DESCRIPTION OF THE TASK — Beginning with the line where "Yili Yousuanru Yogurt" appears, retype every remaining line of the data below, both the first and last included.

MATERIAL PROVIDED —
+--

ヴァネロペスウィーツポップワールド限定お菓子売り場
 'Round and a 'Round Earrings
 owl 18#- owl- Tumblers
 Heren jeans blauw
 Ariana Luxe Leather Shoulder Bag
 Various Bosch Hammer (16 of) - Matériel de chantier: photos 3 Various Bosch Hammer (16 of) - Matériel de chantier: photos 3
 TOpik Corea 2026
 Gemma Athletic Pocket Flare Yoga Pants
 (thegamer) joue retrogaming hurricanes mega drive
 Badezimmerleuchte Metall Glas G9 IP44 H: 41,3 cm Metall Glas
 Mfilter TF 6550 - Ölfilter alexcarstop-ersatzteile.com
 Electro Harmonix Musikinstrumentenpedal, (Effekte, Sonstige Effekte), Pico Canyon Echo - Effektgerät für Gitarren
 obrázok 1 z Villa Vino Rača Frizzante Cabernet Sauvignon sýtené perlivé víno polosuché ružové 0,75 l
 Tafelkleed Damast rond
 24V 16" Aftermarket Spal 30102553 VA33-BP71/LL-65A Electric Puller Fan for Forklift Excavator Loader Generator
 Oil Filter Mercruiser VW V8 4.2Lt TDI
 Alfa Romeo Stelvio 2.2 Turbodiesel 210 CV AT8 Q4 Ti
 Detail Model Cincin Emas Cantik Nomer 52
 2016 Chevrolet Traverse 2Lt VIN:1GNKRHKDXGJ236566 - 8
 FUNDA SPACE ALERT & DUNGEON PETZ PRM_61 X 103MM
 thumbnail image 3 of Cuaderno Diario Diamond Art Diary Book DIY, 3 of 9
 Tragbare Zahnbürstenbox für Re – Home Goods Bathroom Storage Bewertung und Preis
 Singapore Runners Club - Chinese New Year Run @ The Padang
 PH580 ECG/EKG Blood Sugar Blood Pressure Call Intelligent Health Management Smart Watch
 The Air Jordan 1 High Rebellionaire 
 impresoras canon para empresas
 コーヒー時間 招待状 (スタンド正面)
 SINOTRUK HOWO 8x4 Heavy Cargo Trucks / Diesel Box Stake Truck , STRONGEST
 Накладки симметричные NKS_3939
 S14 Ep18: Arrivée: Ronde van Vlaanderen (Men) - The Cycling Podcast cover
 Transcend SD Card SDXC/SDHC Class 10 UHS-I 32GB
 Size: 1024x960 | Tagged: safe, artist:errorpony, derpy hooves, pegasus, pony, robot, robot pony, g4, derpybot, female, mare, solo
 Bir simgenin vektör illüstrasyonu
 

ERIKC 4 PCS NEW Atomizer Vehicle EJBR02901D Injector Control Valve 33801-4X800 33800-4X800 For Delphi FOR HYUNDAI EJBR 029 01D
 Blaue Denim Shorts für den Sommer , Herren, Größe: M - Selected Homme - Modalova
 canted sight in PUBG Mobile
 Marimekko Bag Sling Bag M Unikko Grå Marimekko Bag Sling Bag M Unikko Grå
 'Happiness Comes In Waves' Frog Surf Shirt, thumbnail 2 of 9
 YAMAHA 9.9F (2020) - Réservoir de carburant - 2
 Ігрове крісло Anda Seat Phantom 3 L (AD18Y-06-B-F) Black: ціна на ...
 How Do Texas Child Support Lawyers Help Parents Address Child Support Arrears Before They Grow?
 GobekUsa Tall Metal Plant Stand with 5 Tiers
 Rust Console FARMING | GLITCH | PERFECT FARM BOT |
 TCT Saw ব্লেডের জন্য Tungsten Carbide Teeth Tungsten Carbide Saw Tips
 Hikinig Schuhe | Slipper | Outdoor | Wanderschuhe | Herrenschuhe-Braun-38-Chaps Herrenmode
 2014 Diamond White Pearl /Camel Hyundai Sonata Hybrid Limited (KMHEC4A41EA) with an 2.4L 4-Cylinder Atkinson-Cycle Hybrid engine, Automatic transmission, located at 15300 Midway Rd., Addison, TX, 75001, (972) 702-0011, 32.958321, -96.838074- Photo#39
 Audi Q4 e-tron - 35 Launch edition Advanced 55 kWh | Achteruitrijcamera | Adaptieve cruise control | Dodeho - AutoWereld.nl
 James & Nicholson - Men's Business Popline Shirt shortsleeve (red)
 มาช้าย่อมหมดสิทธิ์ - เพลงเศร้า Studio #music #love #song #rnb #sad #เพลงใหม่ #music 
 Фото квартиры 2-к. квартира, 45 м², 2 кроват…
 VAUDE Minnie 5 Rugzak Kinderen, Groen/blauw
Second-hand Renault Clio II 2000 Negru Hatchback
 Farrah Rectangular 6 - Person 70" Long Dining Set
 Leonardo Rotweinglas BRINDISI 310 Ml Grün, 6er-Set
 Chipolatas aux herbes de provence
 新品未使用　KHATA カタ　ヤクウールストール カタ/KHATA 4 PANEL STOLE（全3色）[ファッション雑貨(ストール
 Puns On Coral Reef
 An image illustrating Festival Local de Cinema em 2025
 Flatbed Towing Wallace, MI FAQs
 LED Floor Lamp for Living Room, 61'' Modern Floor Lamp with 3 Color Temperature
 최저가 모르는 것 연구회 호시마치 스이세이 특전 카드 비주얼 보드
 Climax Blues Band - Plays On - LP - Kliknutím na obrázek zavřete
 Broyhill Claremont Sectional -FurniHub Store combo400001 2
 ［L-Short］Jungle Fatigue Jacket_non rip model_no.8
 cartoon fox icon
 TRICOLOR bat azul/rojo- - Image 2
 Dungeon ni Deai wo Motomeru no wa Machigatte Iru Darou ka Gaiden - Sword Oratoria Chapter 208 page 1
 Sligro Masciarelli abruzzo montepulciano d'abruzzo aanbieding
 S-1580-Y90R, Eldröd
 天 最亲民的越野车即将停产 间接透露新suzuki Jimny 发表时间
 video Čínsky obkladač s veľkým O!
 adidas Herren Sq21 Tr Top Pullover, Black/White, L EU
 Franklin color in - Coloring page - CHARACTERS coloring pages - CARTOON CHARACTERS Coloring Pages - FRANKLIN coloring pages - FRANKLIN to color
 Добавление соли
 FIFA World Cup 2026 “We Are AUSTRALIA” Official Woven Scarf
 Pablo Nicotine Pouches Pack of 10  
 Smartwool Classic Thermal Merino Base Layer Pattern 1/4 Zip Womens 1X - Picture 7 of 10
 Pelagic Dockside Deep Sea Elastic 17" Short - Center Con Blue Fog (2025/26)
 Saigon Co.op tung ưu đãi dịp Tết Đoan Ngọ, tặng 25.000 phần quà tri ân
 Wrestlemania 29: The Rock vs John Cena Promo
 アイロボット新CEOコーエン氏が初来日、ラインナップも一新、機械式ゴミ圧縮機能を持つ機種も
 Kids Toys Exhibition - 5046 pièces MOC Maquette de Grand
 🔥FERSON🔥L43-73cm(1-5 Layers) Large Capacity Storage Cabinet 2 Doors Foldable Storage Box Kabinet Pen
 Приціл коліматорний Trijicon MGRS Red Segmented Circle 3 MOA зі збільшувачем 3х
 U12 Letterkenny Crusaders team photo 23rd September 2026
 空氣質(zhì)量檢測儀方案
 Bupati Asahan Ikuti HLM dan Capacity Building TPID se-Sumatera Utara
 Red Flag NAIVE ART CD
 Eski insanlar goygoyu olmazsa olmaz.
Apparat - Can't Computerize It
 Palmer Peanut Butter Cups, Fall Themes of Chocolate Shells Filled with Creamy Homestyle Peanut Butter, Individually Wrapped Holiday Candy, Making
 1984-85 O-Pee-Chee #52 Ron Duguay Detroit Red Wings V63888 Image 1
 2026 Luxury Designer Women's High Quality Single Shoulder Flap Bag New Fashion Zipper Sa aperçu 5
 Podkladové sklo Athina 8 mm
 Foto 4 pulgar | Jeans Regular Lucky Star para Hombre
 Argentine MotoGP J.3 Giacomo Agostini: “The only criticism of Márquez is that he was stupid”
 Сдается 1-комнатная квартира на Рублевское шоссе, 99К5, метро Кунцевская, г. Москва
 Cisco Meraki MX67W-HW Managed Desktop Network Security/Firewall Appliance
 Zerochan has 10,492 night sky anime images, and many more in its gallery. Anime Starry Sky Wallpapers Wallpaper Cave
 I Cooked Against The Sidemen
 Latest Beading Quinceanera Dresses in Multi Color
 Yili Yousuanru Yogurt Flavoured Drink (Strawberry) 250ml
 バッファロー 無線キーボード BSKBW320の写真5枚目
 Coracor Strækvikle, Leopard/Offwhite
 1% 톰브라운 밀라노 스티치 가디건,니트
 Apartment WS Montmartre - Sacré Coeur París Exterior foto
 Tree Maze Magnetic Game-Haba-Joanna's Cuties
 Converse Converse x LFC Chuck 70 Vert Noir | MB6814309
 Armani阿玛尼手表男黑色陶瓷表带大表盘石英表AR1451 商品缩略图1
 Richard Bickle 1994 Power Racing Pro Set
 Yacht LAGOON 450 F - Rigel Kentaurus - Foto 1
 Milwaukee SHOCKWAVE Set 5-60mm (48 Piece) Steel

+--

RESULT OF THIS TASK —
 Yili Yousuanru Yogurt Flavoured Drink (Strawberry) 250ml
 バッファロー 無線キーボード BSKBW320の写真5枚目
 Coracor Strækvikle, Leopard/Offwhite
 1% 톰브라운 밀라노 스티치 가디건,니트
 Apartment WS Montmartre - Sacré Coeur París Exterior foto
 Tree Maze Magnetic Game-Haba-Joanna's Cuties
 Converse Converse x LFC Chuck 70 Vert Noir | MB6814309
 Armani阿玛尼手表男黑色陶瓷表带大表盘石英表AR1451 商品缩略图1
 Richard Bickle 1994 Power Racing Pro Set
 Yacht LAGOON 450 F - Rigel Kentaurus - Foto 1
 Milwaukee SHOCKWAVE Set 5-60mm (48 Piece) Steel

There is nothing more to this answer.